Development is hard. One of the challenges newcomers face when learning a programming language is the knowledge gap between them and the people they learn from.
This becomes particularly apparent when a beginner is introduced to a high-level programming language. Interpreted languages have the benefit of being (relatively) simple to understand, given that the lower-level boilerplate is largely abstracted away for the user. This abstraction allows beginners to focus on their logic rather than worrying about making sure their data structures are sized appropriately for their contents or how to dereference a pointer. On the other hand, it also makes it easy to overlook fundamental computer science concepts that anyone who's been studying this stuff for any length of time might take for granted.
Knowledge gaps like these, in my experience, are the direct cause of misunderstandings such as the titular difference between the "is" and "==" operators in Python. The easiest way to address this knowledge gap is by diving into the REPL.
>>> # It should be no surprise that 1 is indeed equal to 1
>>> 1 == 1
True
>>> # But is 1...1?
>>> 1 is 1
<stdin>:1: SyntaxWarning: "is" with a literal. Did you mean "=="?
True
1 certainly is 1. But what is with the SyntaxWarning
?
In computer science, a literal is a notation for representing a fixed value in source code.
It seems that when we use literals, we should use the double-equals (==
) operator. Great. Why? What difference does it make?
The is
operator is evaluating whether the objects on both sides of the equality operation are the same. The same, here, meaning the same object in memory. This is not the same as the two objects having the same value.
So, as an aside, let's take a look at the memory location of the literal value 1
:
# Evaluate the hexadecimal value of the memory id of the literal 1
>>> hex(id(1))
'0x958e20'
# Is the literal always in the same memory location?
>>> hex(id(1))
'0x958e20'
As we can see, the literal 1
is an object in memory stored at 0x958e20
in memory on my machine. Thus, when we evaluate 1 is 1
it is, in fact, True
.
The SyntaxWarning
, therefore, is warning us that while we receive the expected evaluation of 1 is 1
(because they are the same literal object in memory), is
is likely not the correct operator for our evaluation.

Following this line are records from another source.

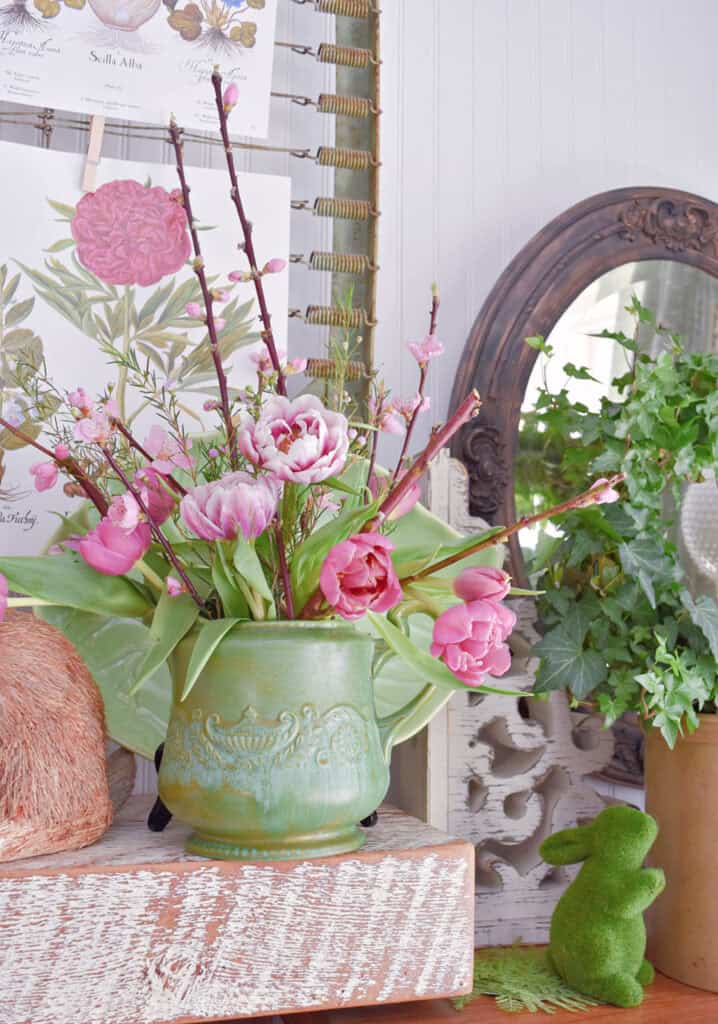 Green pottery pitcher with pink double tulips.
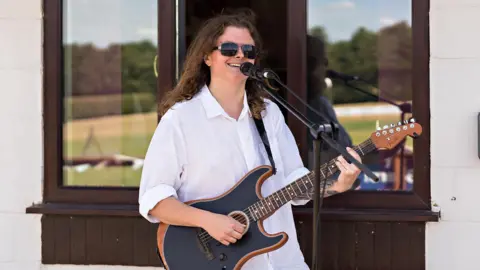 Ben Smith Music Ben Smith, who is wearing a white shirt and dark sunglasses, playing a guitar and singing into a microphone at an outdoor event.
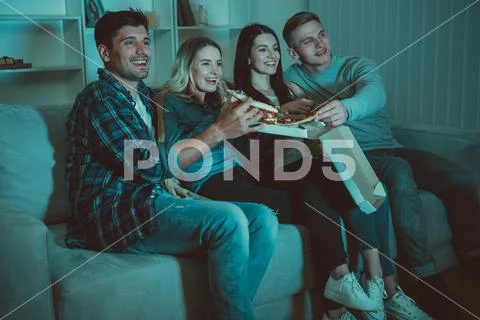 The four people eat a pizza and watch a movie on the sofa Stock Photos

It is more likely that we intended to evaluate whether or not the value represented by the literal object 1
is equal to the value represented by the literal object 1
, not the addresses of the literal object 1
in memory!
So, when might we want to know if an object is the same object in memory as a constant value?
# We might want to check to see if a value is null
>>> None is None
True
We use the is
operator here because, in Python, None
is a specific object in memory. When the value of an object is None
, it is the same object as None
.
Okay, so we understand what the difference between the is
and ==
operators. We know what literals are. We understand that the value of an object is not the same as the object itself. So what?
Where this concept leads to trouble is when programmers use the is
or ==
operators interchangeably. Often, the behavior appears to act as expected and is particularly difficult to notice in complex logic. This is known as a "Comparison of Incompatible Types" and has been assigned a CWE (Common Weakness Enumeration) (CWE-1024) by MITRE.
For example:
>>> a = []
>>> a is []
False
Here, we initialized a to an empty list and then compared it to the empty list object using the is
operator.
# Which, if we examine their addresses in memory, is correct
>>> print(hex(id(a)), hex(id([])))
0x7fa32bcb6440 0x7fa32bcb6480
They are, in fact, different objects in memory, so they evaluate as False
. Suppose, however, the expected behavior was as follows:
>>> a = [1,2,3]
>>> a is []
False
If a
is expected not to be an empty list, we might return early from the method that evaluates this logic or perhaps even throw an exception. Therein lies the issue--we expect this to evaluate as False
. Evaluating True
would be an edge case. At a cursory glance, it would appear that the code is behaving as expected. Unfortunately, any code that might be intended to execute in the event of a True
evaluation is effectively dead code, meaning there are no circumstances in which it will run.
So--how can we make sure to avoid this pitfall? In a word: testing. Testing is outside of the scope of this post, but the general idea is to write unit tests that test that a method operates as expected and does not operate unexpectedly. This provides a sanity check that we did use the correct operator and that we wrote our logical evaluations without the presence of a CWE.